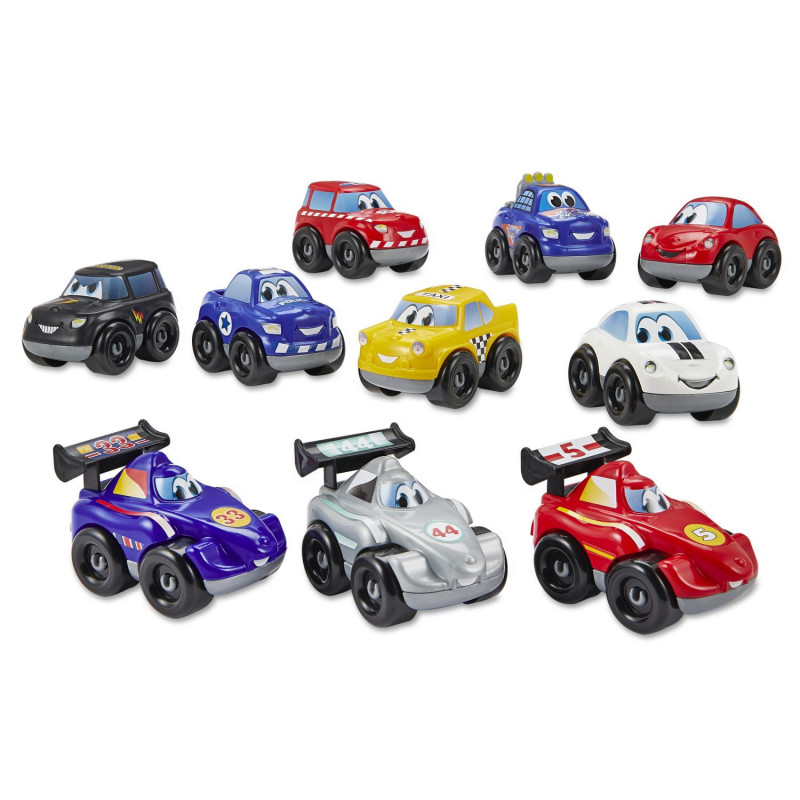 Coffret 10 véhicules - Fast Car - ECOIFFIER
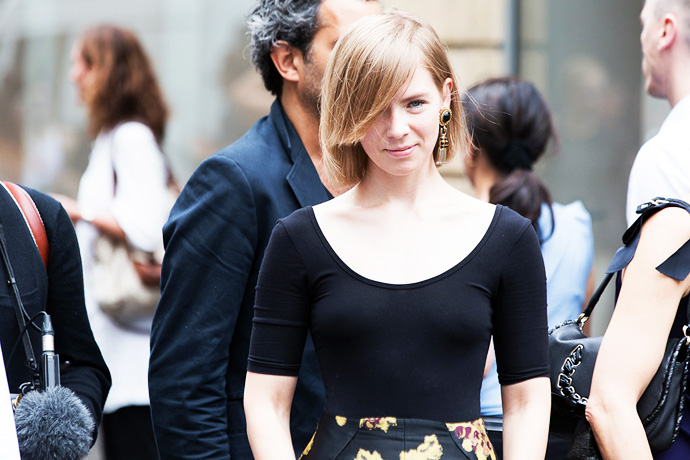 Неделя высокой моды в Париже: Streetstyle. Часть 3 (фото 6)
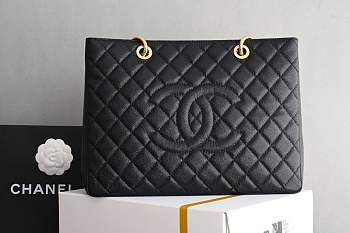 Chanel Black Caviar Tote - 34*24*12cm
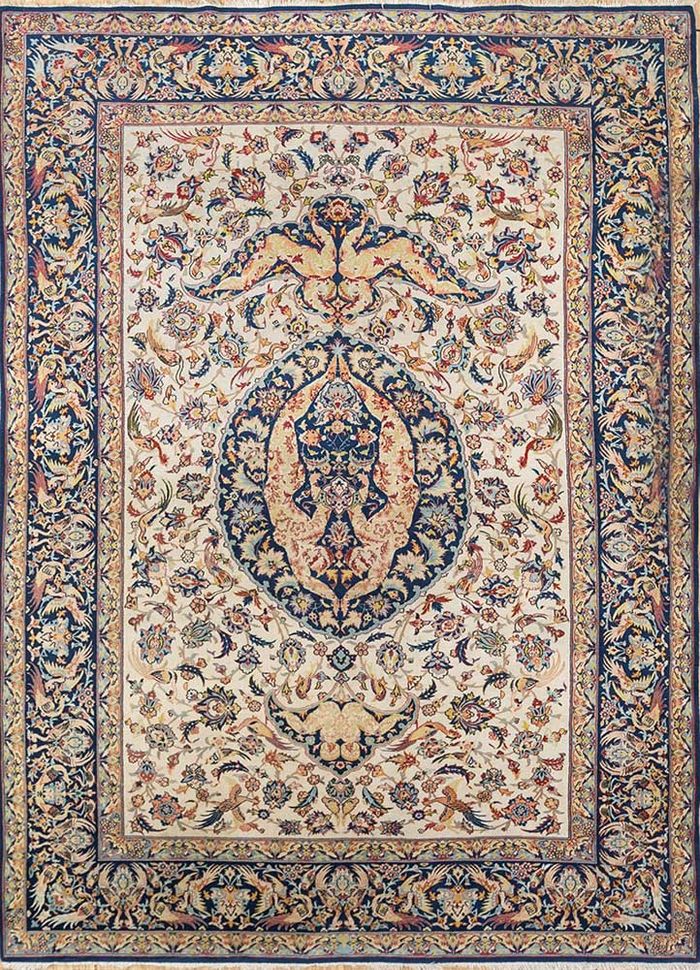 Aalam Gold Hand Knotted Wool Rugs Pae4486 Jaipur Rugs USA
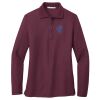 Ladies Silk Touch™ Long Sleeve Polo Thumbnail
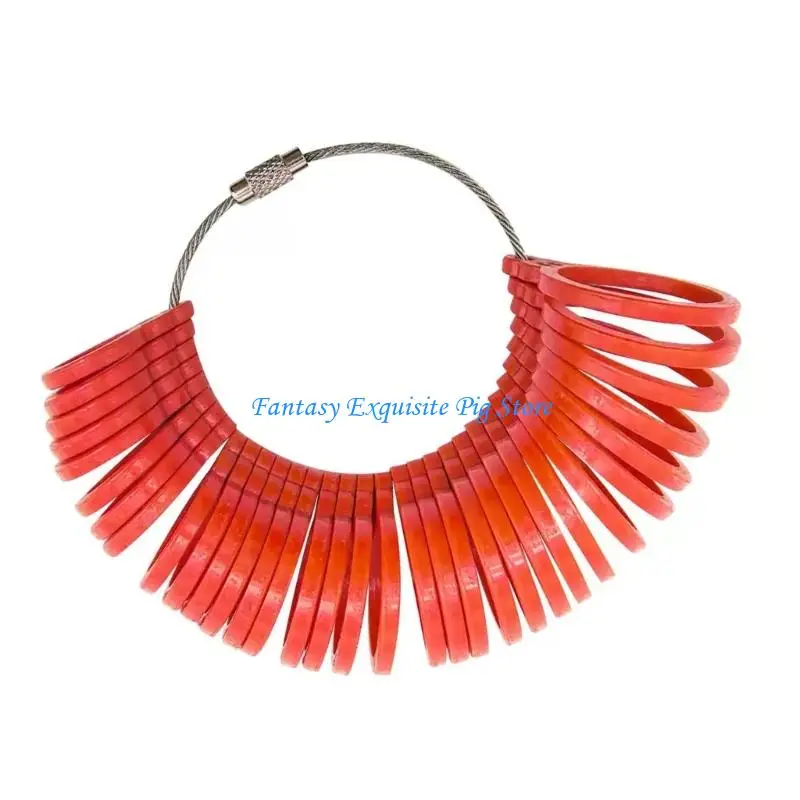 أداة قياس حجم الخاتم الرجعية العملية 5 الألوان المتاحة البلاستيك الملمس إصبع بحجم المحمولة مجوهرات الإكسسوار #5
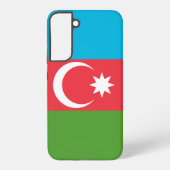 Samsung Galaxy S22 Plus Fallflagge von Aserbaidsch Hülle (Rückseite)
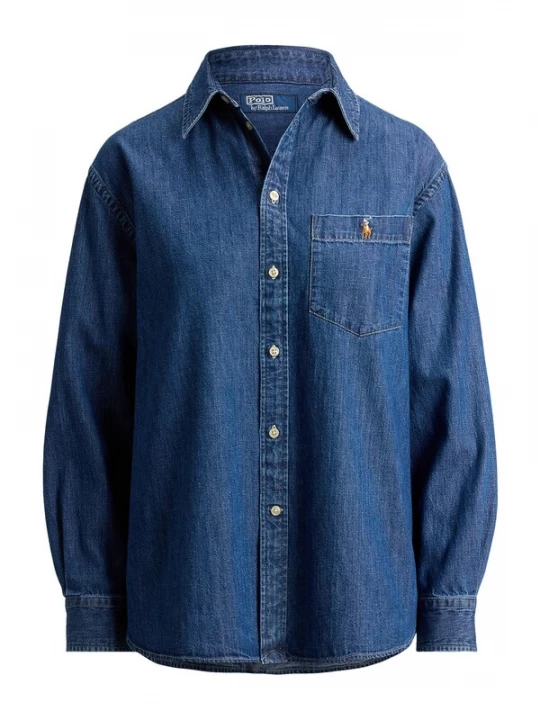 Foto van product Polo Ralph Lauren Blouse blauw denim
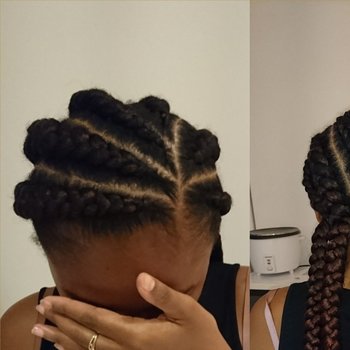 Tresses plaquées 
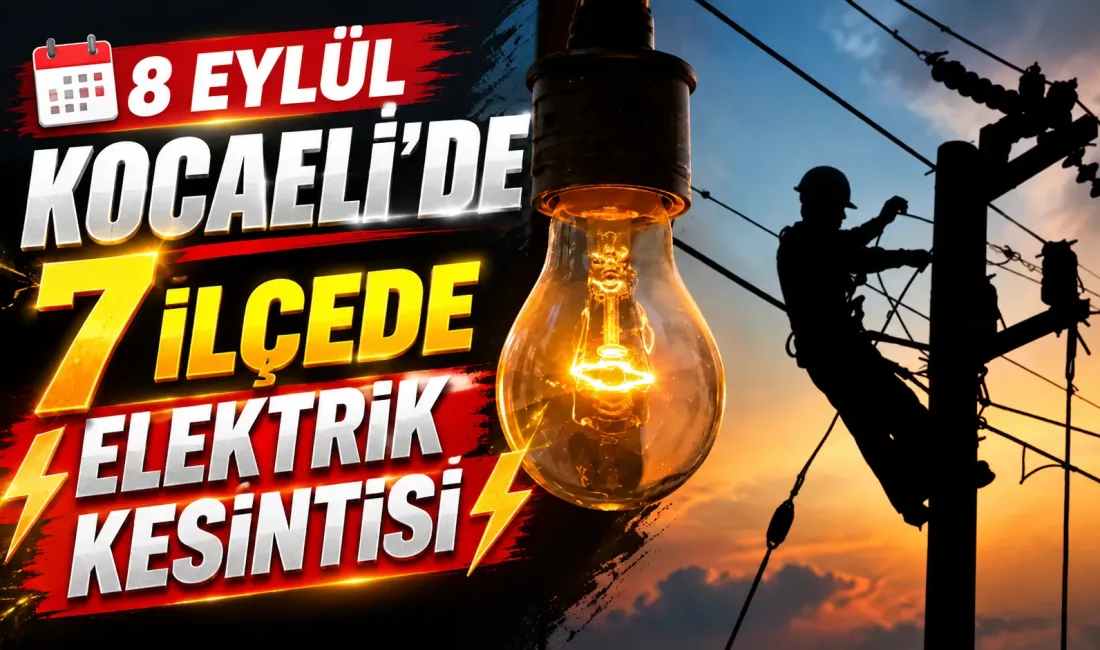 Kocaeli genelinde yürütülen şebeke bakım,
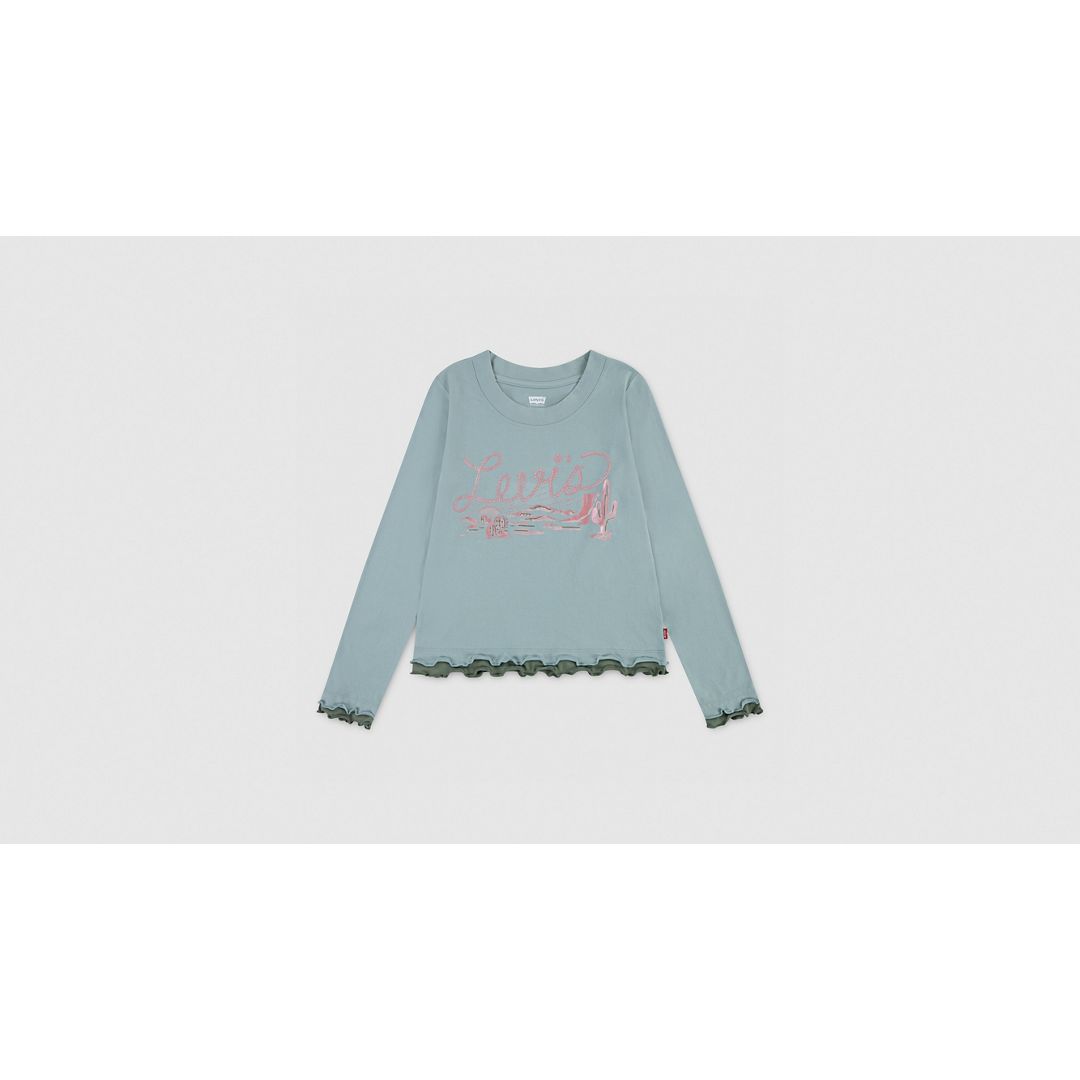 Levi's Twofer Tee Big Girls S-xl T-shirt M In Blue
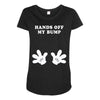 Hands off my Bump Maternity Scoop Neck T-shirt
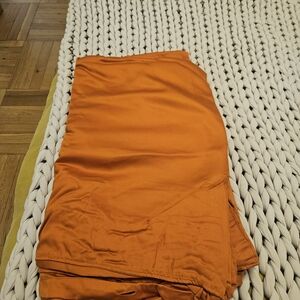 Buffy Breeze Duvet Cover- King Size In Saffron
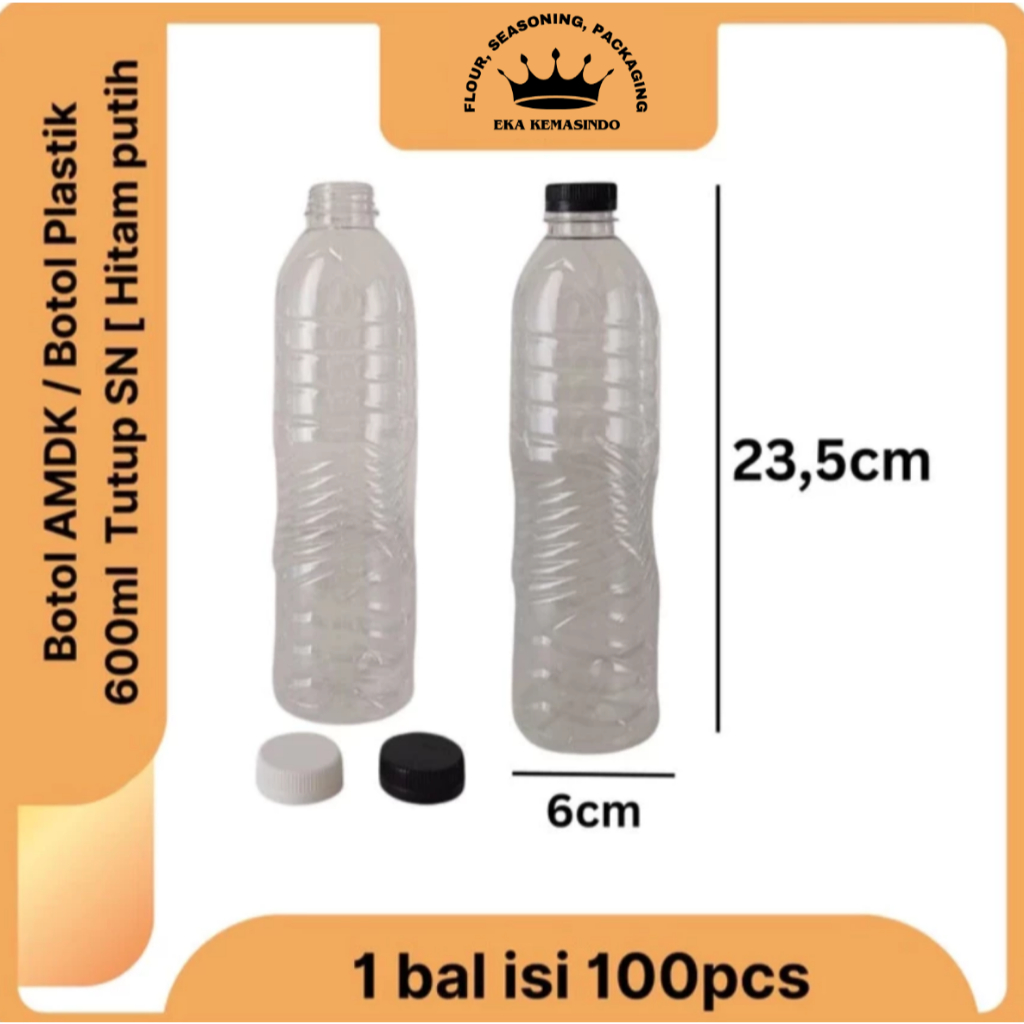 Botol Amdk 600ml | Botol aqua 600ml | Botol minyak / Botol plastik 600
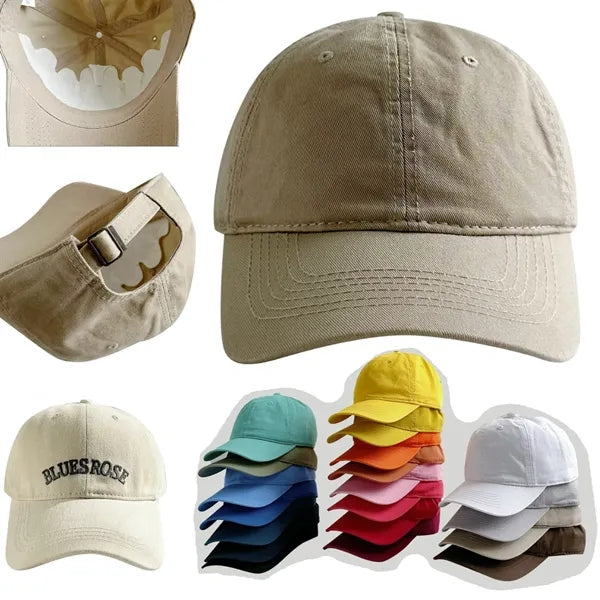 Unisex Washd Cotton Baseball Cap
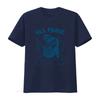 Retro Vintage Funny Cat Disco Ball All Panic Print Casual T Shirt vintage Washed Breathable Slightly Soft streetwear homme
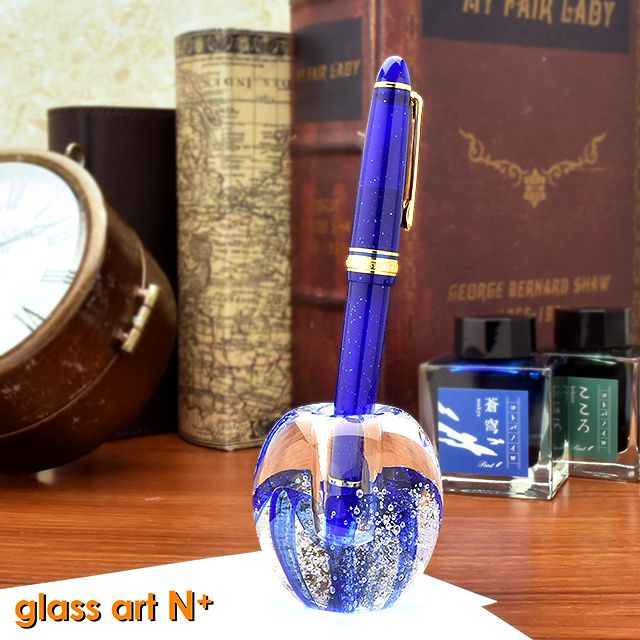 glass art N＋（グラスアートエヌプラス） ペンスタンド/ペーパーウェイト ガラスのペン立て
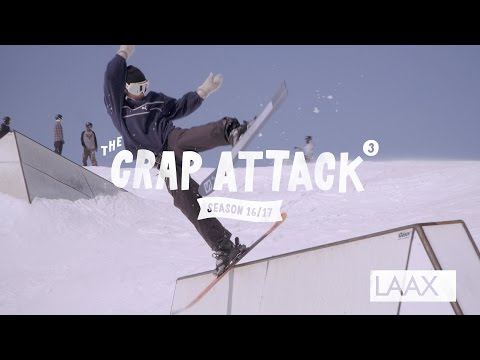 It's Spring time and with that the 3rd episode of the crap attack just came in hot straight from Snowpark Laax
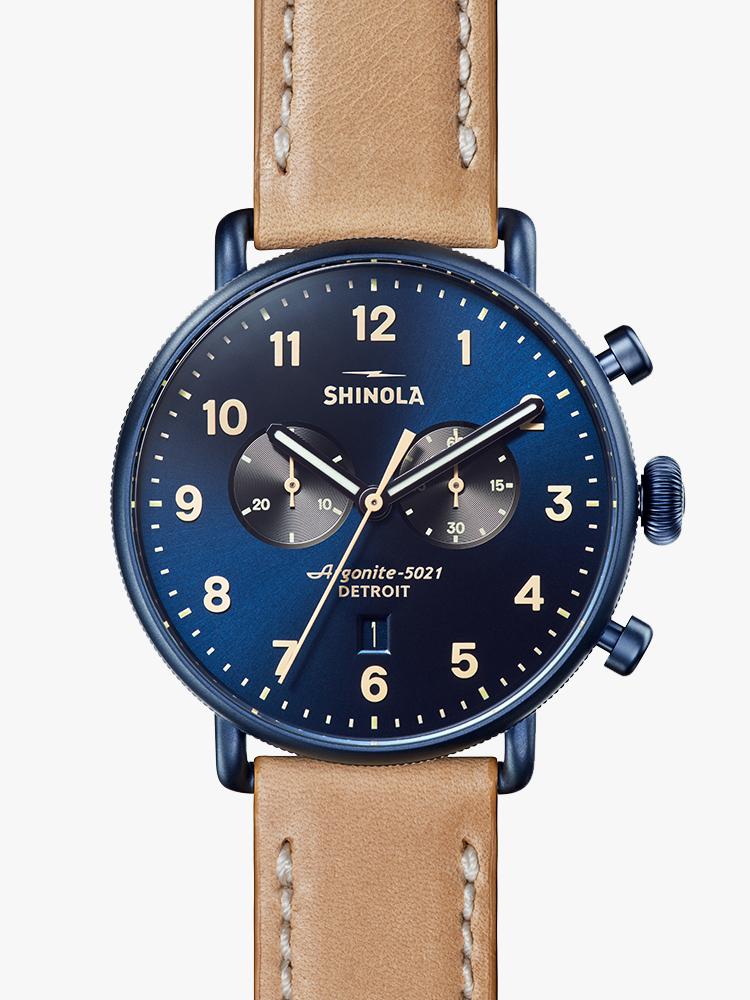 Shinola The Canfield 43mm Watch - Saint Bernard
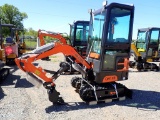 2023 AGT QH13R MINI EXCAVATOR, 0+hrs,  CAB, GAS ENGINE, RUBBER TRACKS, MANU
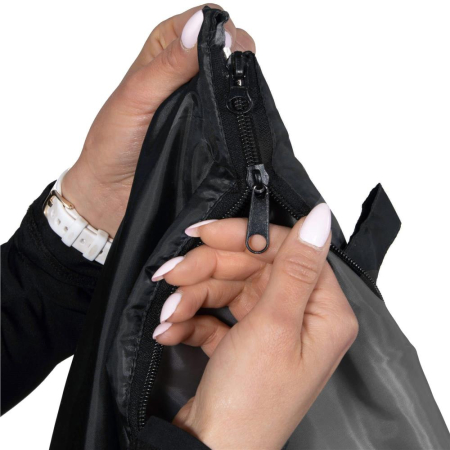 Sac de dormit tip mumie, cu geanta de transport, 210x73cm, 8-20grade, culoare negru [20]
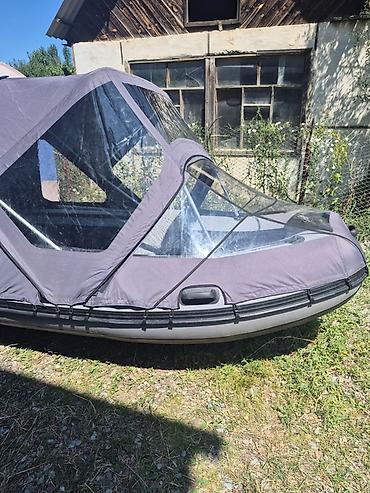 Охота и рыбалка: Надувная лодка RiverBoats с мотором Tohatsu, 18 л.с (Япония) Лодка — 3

The problem:
The lines to retype begin with the one containing "glass art N＋（グラスアートエヌプラス）" and end with the last line of the records. Reproduce them exactly and omit the pictures.

Exercise output:
 glass art N＋（グラスアートエヌプラス） ペンスタンド/ペーパーウェイト ガラスのペン立て
 It's Spring time and with that the 3rd episode of the crap attack just came in hot straight from Snowpark Laax
 Shinola The Canfield 43mm Watch - Saint Bernard
 2023 AGT QH13R MINI EXCAVATOR, 0+hrs,  CAB, GAS ENGINE, RUBBER TRACKS, MANU
 Sac de dormit tip mumie, cu geanta de transport, 210x73cm, 8-20grade, culoare negru [20]
 Охота и рыбалка: Надувная лодка RiverBoats с мотором Tohatsu, 18 л.с (Япония) Лодка — 3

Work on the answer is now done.